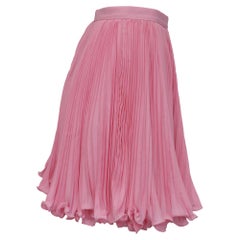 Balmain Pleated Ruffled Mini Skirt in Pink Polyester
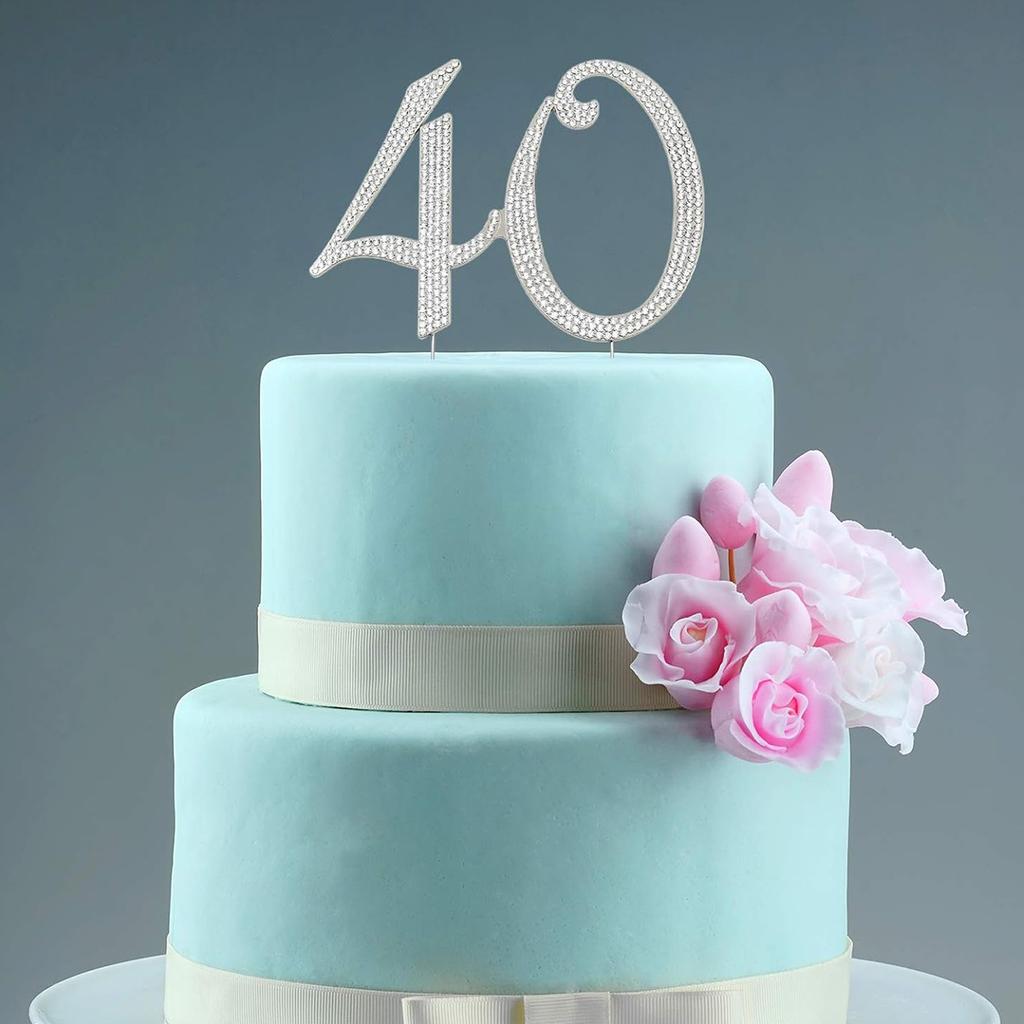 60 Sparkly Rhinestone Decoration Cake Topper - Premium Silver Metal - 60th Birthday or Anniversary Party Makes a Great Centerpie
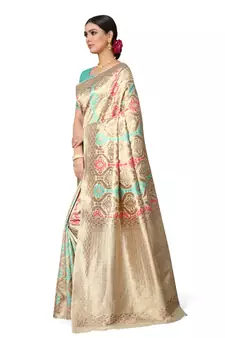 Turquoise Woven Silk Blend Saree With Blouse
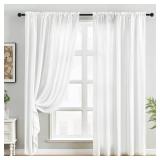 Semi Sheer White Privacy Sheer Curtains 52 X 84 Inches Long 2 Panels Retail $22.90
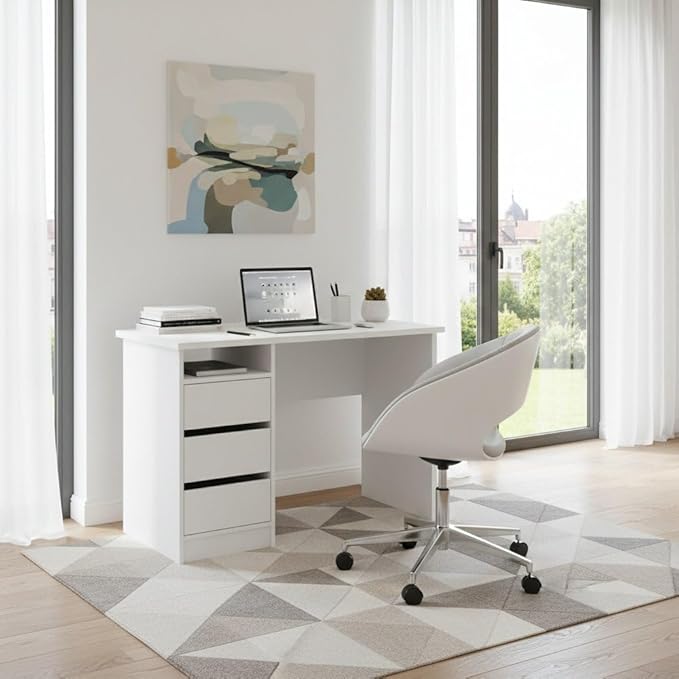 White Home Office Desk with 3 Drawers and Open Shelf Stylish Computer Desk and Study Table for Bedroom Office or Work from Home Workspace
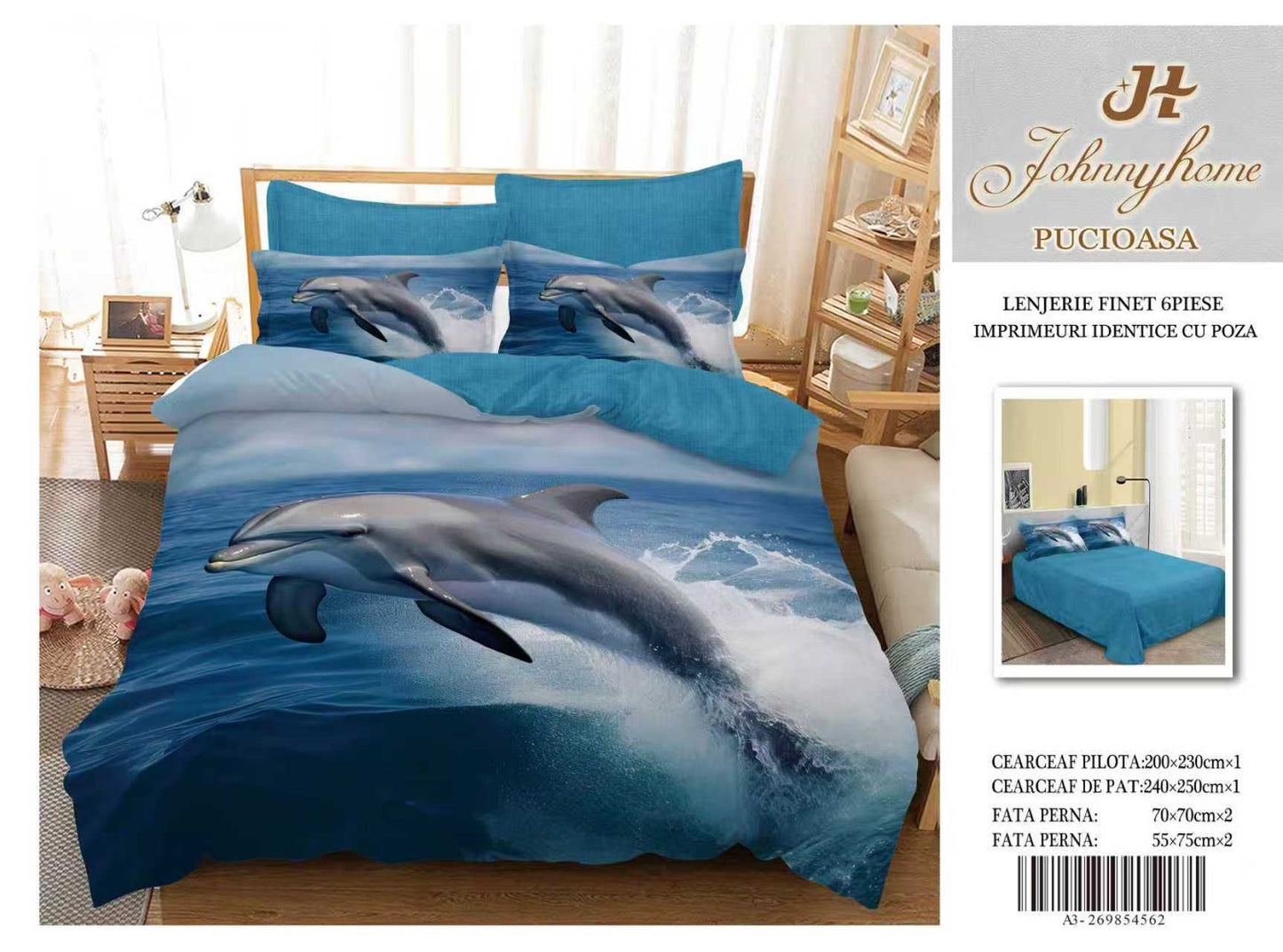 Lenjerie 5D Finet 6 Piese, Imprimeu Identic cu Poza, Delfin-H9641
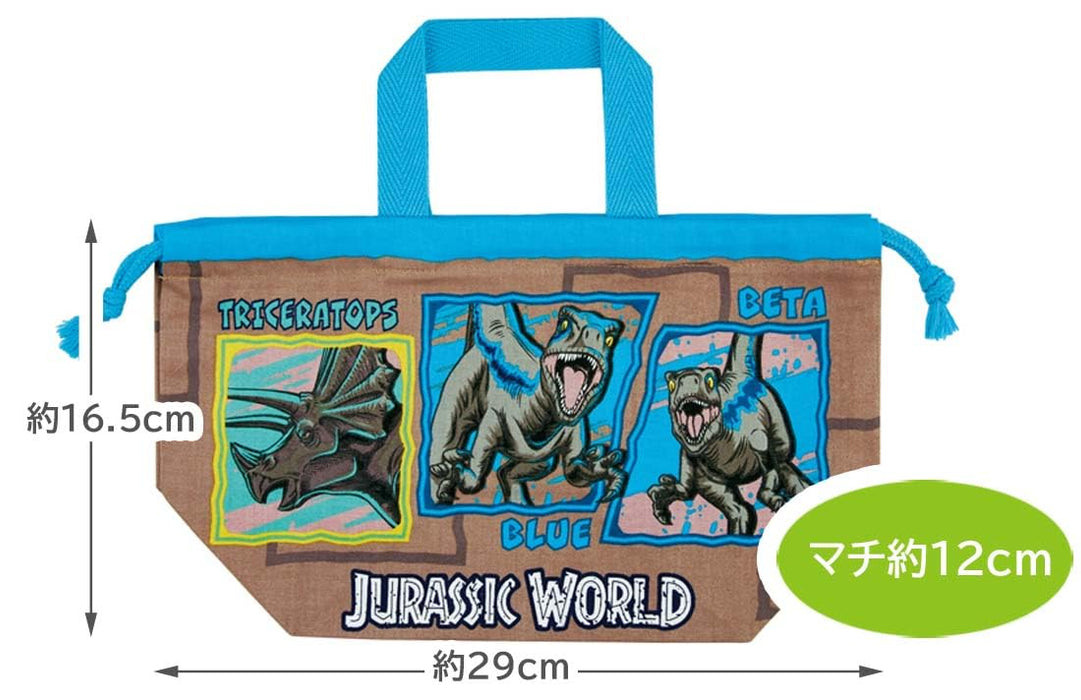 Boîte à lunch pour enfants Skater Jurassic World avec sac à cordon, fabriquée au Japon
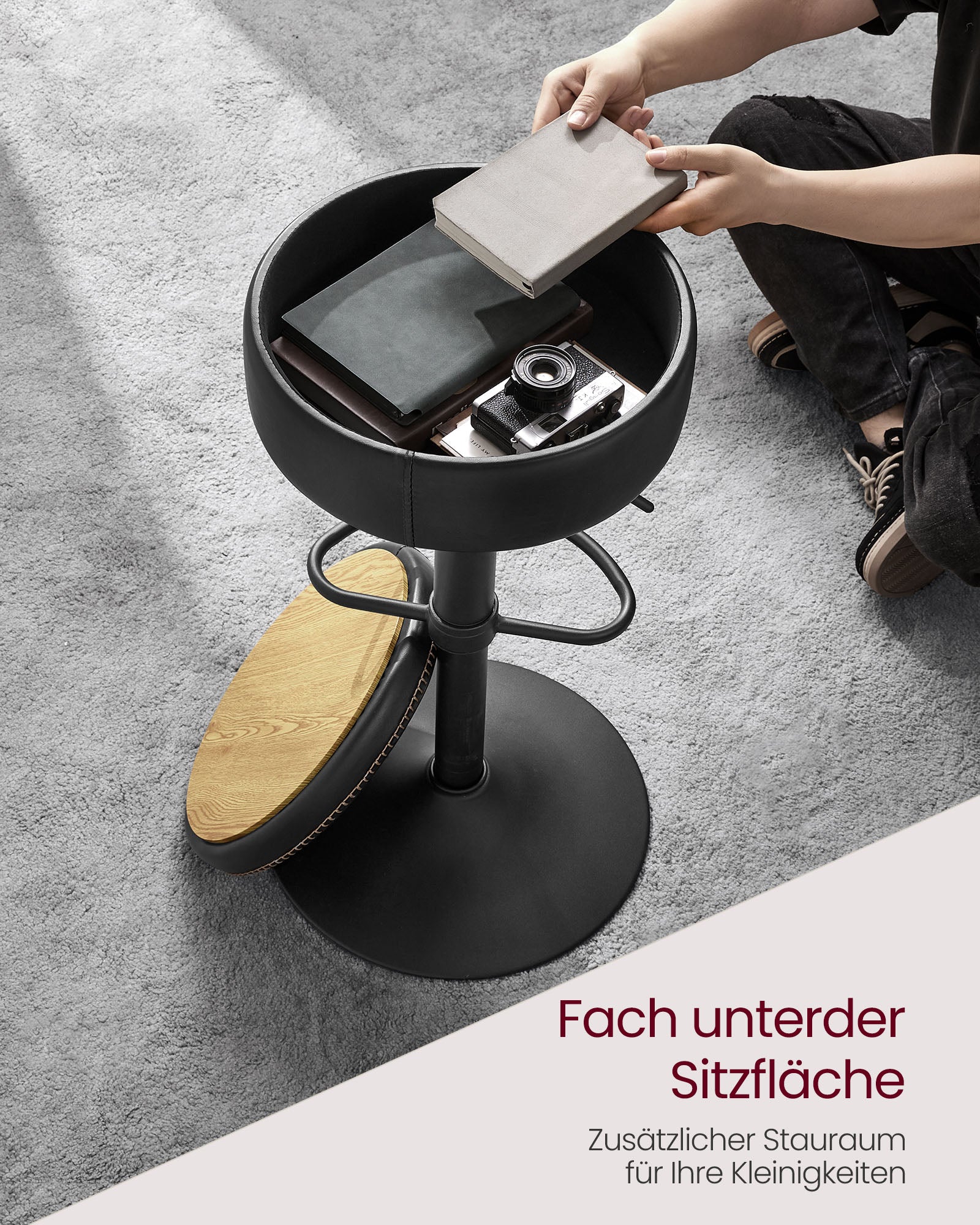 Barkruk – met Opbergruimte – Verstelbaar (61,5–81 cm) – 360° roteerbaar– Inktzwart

----

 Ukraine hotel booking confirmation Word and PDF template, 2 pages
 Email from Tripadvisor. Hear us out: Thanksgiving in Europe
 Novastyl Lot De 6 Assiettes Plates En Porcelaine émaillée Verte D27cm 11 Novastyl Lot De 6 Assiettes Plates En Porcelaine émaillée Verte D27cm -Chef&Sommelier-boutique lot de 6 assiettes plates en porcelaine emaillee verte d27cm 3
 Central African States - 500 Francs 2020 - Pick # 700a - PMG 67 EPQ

----

PROBLEM TO WORK ON - Range to copy from the records above: the line containing "Balmain Pleated Ruffled" to the line containing "Lenjerie 5D Finet", both included. Output those lines exactly and only those, skipping pictures.

SOLUTION FOR THIS EXERCISE -
 Balmain Pleated Ruffled Mini Skirt in Pink Polyester
 60 Sparkly Rhinestone Decoration Cake Topper - Premium Silver Metal - 60th Birthday or Anniversary Party Makes a Great Centerpie
 Turquoise Woven Silk Blend Saree With Blouse
 Semi Sheer White Privacy Sheer Curtains 52 X 84 Inches Long 2 Panels Retail $22.90
 White Home Office Desk with 3 Drawers and Open Shelf Stylish Computer Desk and Study Table for Bedroom Office or Work from Home Workspace
 Lenjerie 5D Finet 6 Piese, Imprimeu Identic cu Poza, Delfin-H9641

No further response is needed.